President of Panama José Raúl Mulino declared U.S.-bound migrants passing through his country an “immense global problem” at the United Nations General Assembly on Wednesday, urging the international community to help.

Mulino, who took office in July, dedicated much of his address to the Darién Gap, a dangerous jungle trail that Panama shares with neighboring Colombia, used by hundreds of thousands of migrants in recent years to reach the United States. The Darién jungle is the only land bridge that connects South and Central America.

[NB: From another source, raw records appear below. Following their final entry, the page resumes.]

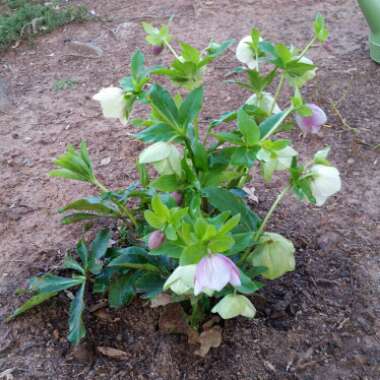 Hellebore (Species) Lenten Rose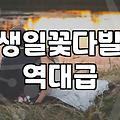 꽃다발종류 선택할 때 알아야 할 실속 있는 기준과 특징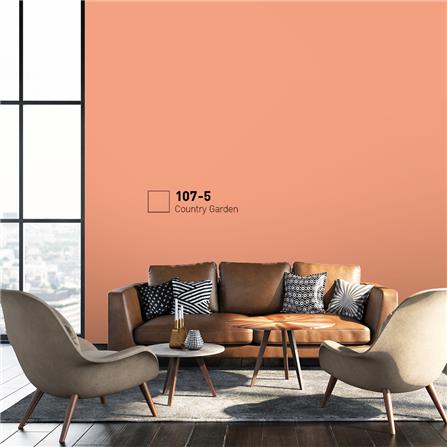 สีน้ำทาภายนอก BEGER COOL DIAMONDSHIELD 15 สี COUNTRY GARDEN #107-5 กึ่งเงา 9 ลิตร_1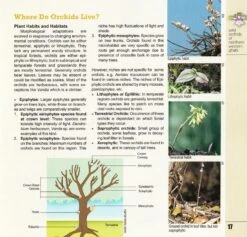 Wild Orchids Of Northern Western Ghats (Including Maharashtra, Goa And Belgaum) -Rode Sales Store 239292 3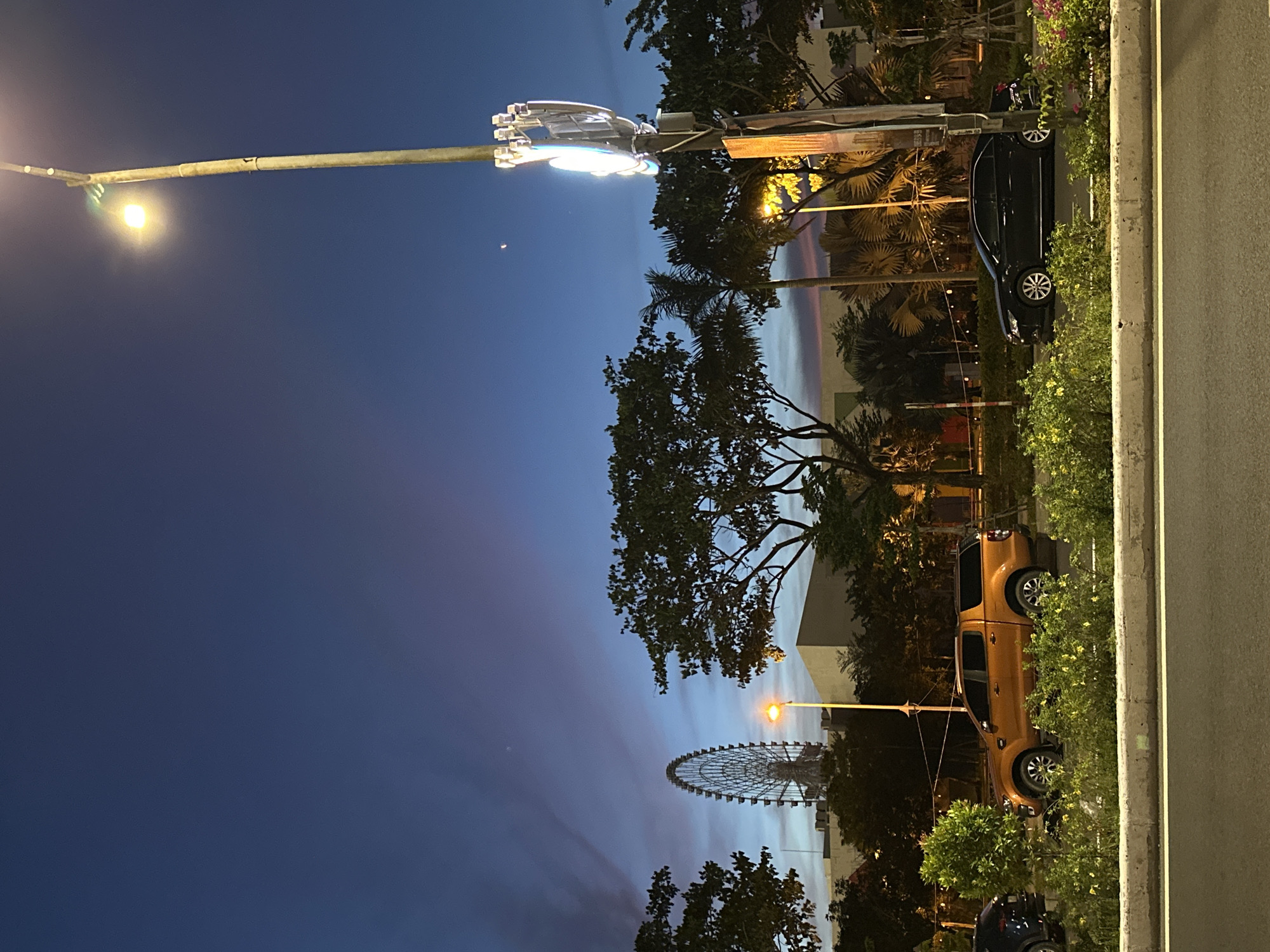 This image depicts a nighttime street scene in Da Nang, Vietnam, likely near the coast or a major entertainment district given the presence of a Ferris wheel in the background. The sky is a deep twilight blue, with wispy clouds illuminated by the fading light and artificial illumination. A prominent street lamp with a bright yellow bulb stands to the right of the frame, casting a warm glow. Adjacent to it, a brightly lit sign, possibly advertising or informational, is mounted on the lamppost.
In the foreground, a road is visible, with a concrete median strip separating it from a planted area. Several vehicles are parked or driving along the road. An orange pickup truck with a camper shell is parked on the right side of the median. Further down the road, a black sedan is visible, also parked. The planted area is lush with green foliage and small yellow flowers.
In the mid-ground, various trees, including palm trees, create a line between the road and a building. The building is mostly obscured by trees and the darkness, but a section of light-colored facade is visible. Dominating the background is a large Ferris wheel, its metallic structure illuminated against the twilight sky. String lights are also visible, likely part of the entertainment area. The overall impression is one of a vibrant city at dusk, transitioning into night.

The Panamanian president declared that, as a result of the Darién migrant flow, the “new United States border” is in Panama. Mulino also proclaimed that, unlike previous administrations, he will use any international venue to demand a “shared effort” to stop illegal migration and fight organized crime that profits from migrants through human and drug trafficking.

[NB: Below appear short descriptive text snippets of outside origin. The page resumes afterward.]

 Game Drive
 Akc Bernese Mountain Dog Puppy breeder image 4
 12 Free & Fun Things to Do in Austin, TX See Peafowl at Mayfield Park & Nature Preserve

“Today Panama faces a huge problem due to its strategic location: illegal immigration through the Darién jungle, which is being used as a key for hundreds of thousands of migrants who have been fleeing from serious economic, political and social problems in search of the so-called American dream,” Mulino said.

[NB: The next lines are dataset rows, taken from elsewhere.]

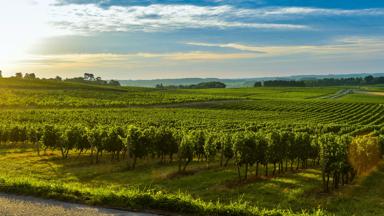 wandelrondreis_frankrijk_occitanie_pyreneeen_wijngaarden_shutterstock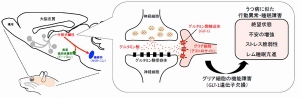 グリア細胞の機能障害がうつ病の症状に似た異常行動や睡眠障害を引き起こすことを示す模式図（東京医科歯科大学の発表資料より）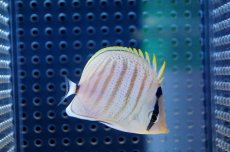 画像1: 【海水魚】【通販】マルチバンドバタフライフィッシュ（Mサイズ）(1匹)6-7cm前後(サンプル画像）（生体）(海水魚)（サンゴ） (1)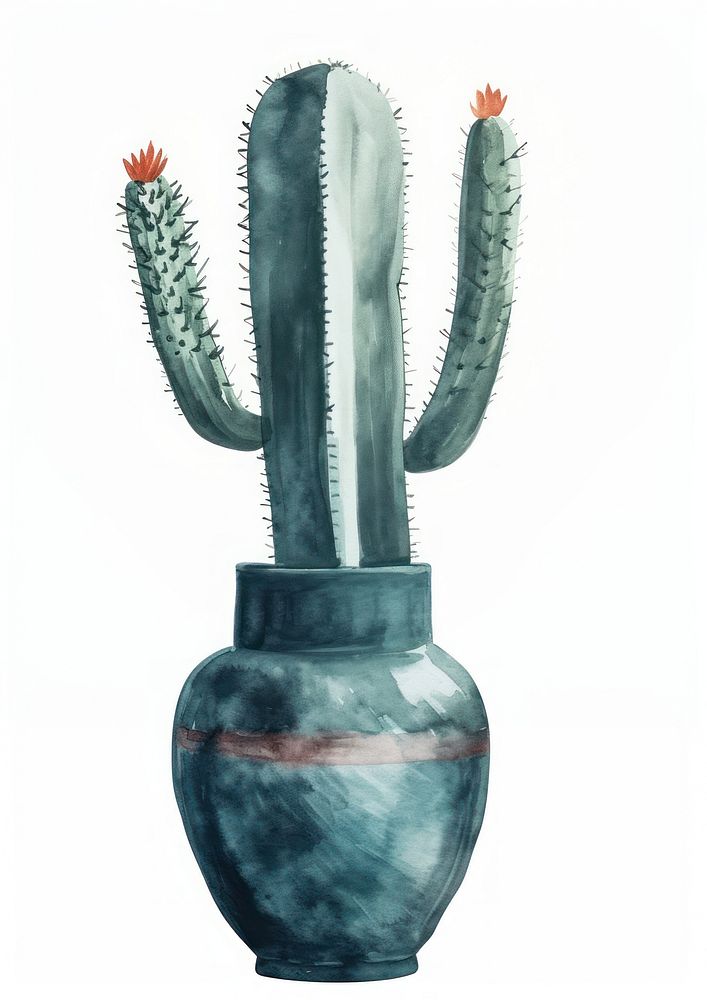 Vase watercolor cactus plant houseplant.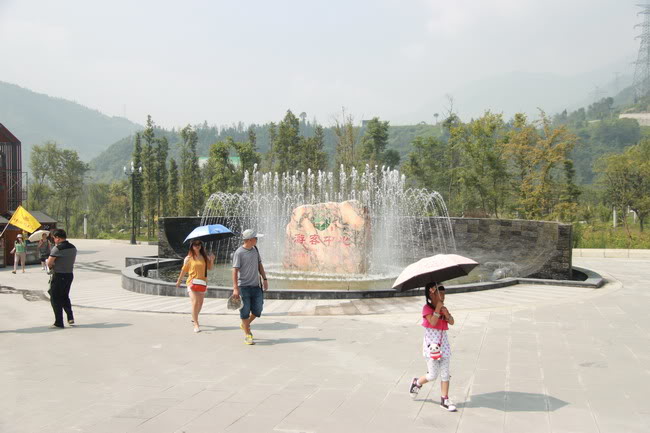 IMG_8817.jpg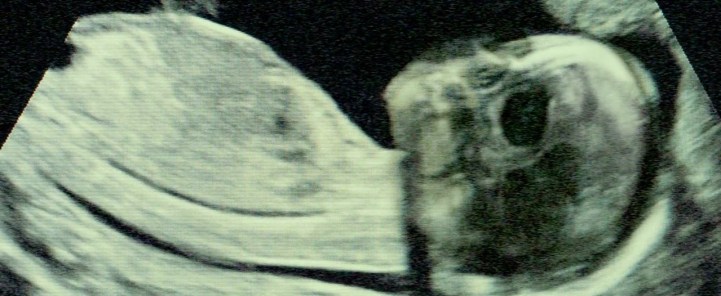 Father Son Holy Gore - Into the Dark - Culture Shock - Skulltrasound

The Panamanian president stated that more than 500,000 migrants passed through the Darién Gap in 2023 and asserted that the migrant flow is led by “criminal organizations, based in neighboring countries, which receive cursed money to profit from the need and hope of thousands of human beings.”

Mulino stressed that, while he understands the hard decision of migrating to flee from misery and oppression, Panama already has enough social and financial problems to face as a nation and does not have the resources to solve the migrant crisis on his own. The Panamanian president also stressed that the flow of migrants through its territory brings social, human, and environmental costs to its country, as migrants leave trash behind — and, more tragically, “decomposing corpses.”

“Illegal immigration through Panama is part of a huge global problem and it should be here, at the United Nations, that it should occupy a place of importance in its agenda,” Mulino said.

Mulino said he knew the Darién Gap “very well” thanks to his tenure as security minister in which he led Panama’s fight against narco-guerrillas a decade ago. He posited that there is an immense difference between analyzing illegal migration from an office and witnessing it in the flesh. The president stressed that seeing children orphaned by the inclemency of the jungle trail “would touch the soul of the coldest analyst who studies these issues from the comfort of an office.”

“Ladies and gentlemen, I ask you to see the magnitude of what is happening, because we feel that we do not have all the international support we need to face a situation that is so distressing from a humanitarian point of view,” Mulino implored, “so costly in financial terms, so risky for our security, and so alarming because of the environmental devastation that we are being left with.”

Mulino described political instability as one of the causes of mass migration and identified Venezuela as a “concrete example.” Mulino, citing U.N. statistics, said that nearly eight million Venezuelans have fled from their country, a number he described as a “real migratory tragedy to which international organizations have not given a convincing and credible response over the years.”

Mulino called for international organizations to act “energetically against manifestly anti-democratic attitudes and behavior” in light of the Venezuelan regime’s July 28 sham presidential election, which dictator Nicolás Maduro fraudulently claims he “won.” Mulino said that it is “very difficult” to talk about health and the environment while Venezuela faces its migrant crisis.

“What sustainable regional development can we talk about in the face of this never-ending political crisis affecting the entire continent?” he asked. “I do not pretend to disguise my speech as natural green when there is spilled blood of immigrants who risk their lives in our jungle looking for a dream of freedom.”